表題は石原慎太郎著「天才」の<長い後書き>からの引用です。去る2日に逝去された著者へのオマージュをこめてこの書を再読しました。
初読の時点では 反田中の急先鋒だった石原氏が、なぜ礼賛の書となる、田中角栄になり代わっての衝撃の霊言ともいうべき本書を上梓したのか、大いに興味の湧くところででした。
私の父は同じ新潟の出身でもあり、革新政党の支持者でありながら、角栄さんだけは別格で崇拝の対象者でした。また東北出身のかっての上司は、関東以南と以北のそれまでの絶対的な格差に革命的なメスを入れた<列島改造論>の実行により、見事にこれを解消した英雄として絶賛していました。いわく <関東以北ならびに日本海沿岸の県民は角栄さんには足を向けて寝てはいけない>というのが口癖でした。
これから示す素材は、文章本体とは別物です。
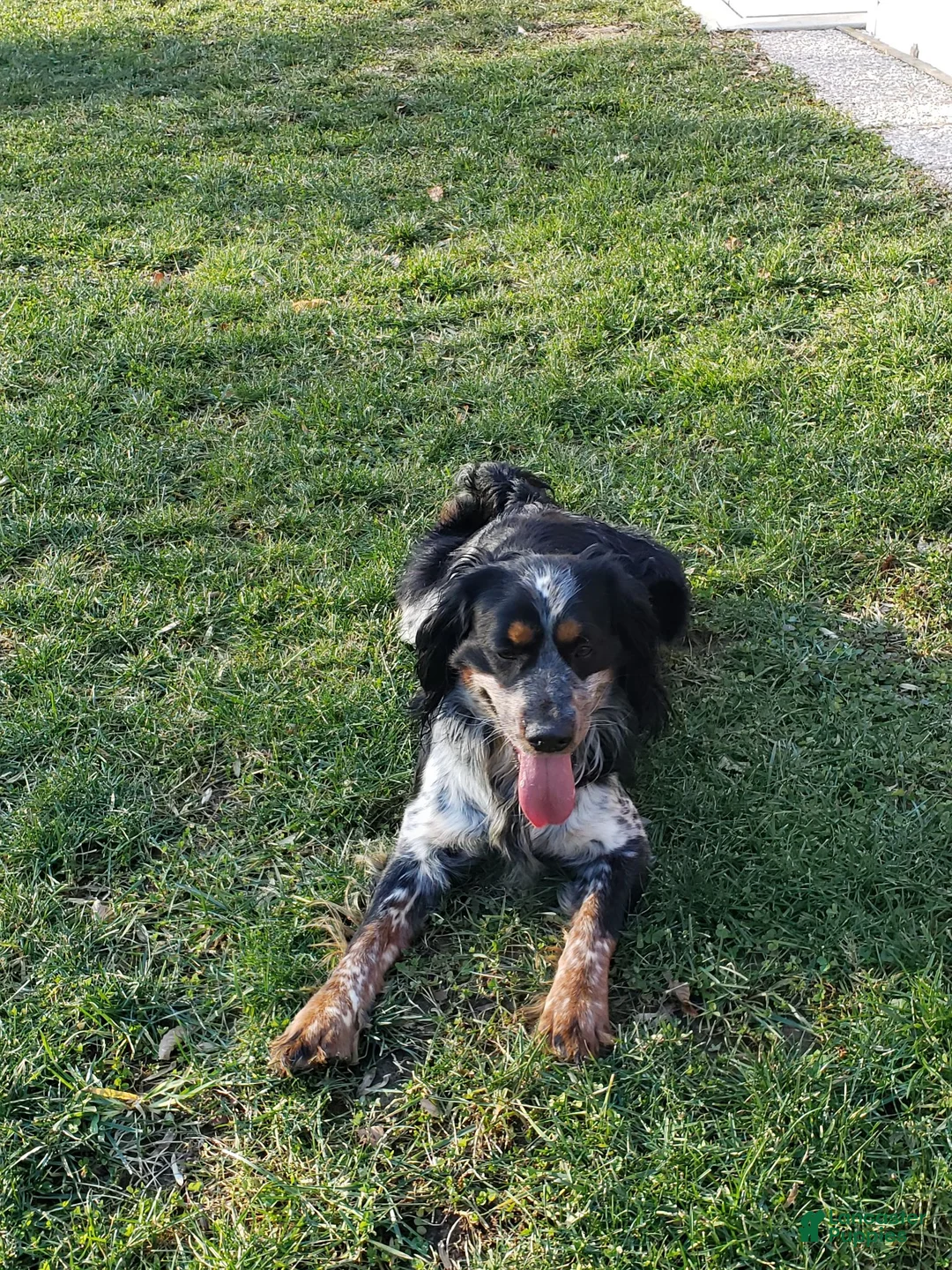 English Springer Spaniel dogs for stud: Lee's Lucky Snickers  - Ad 4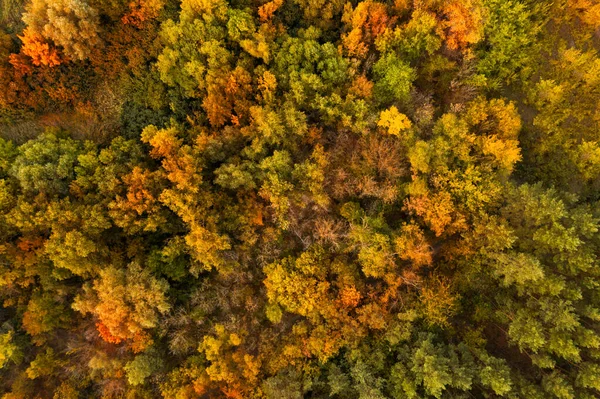 Bela Vista Aérea Floresta Outono — Fotografia de Stock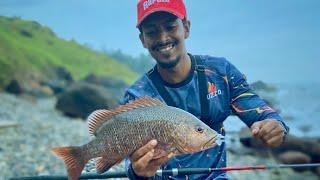 Catching Red snapper and Trevally from rocky coast / Goa fishing / India fishing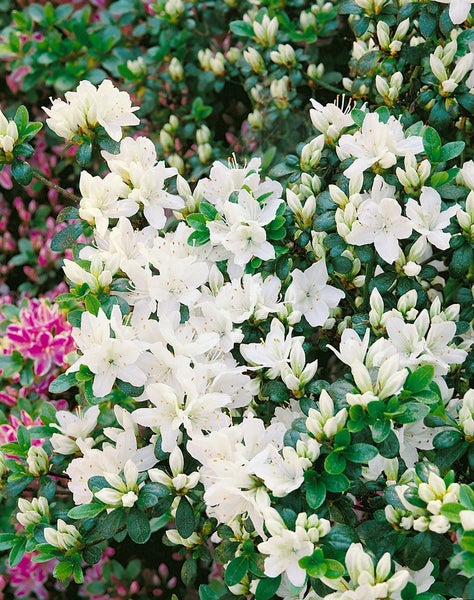 Blühende Azalee mit weißen Blüten und grünen Blättern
私自身の印象は<コンピュータ付ブルドーザー>とも、小卒から総理に上り詰めた<今様太閤>とも称せられた人物に対して<大事はなしたけれども、金権まみれの政治家>としてのものでした。しかし、本書により徒手空拳から土建会社を興し、その財をもって政界に進出したことをを知りました。そして真の独立国家を目指したその姿勢がアメリカの逆鱗にふれ、貶められた可能性のあることを理解しました。そして、読後は父や上司の思いにかなりに共鳴できるようになったのです。
なお本書は極めて政治的な内容であり、石原氏の文学を求めて購入される方にはお勧めできません。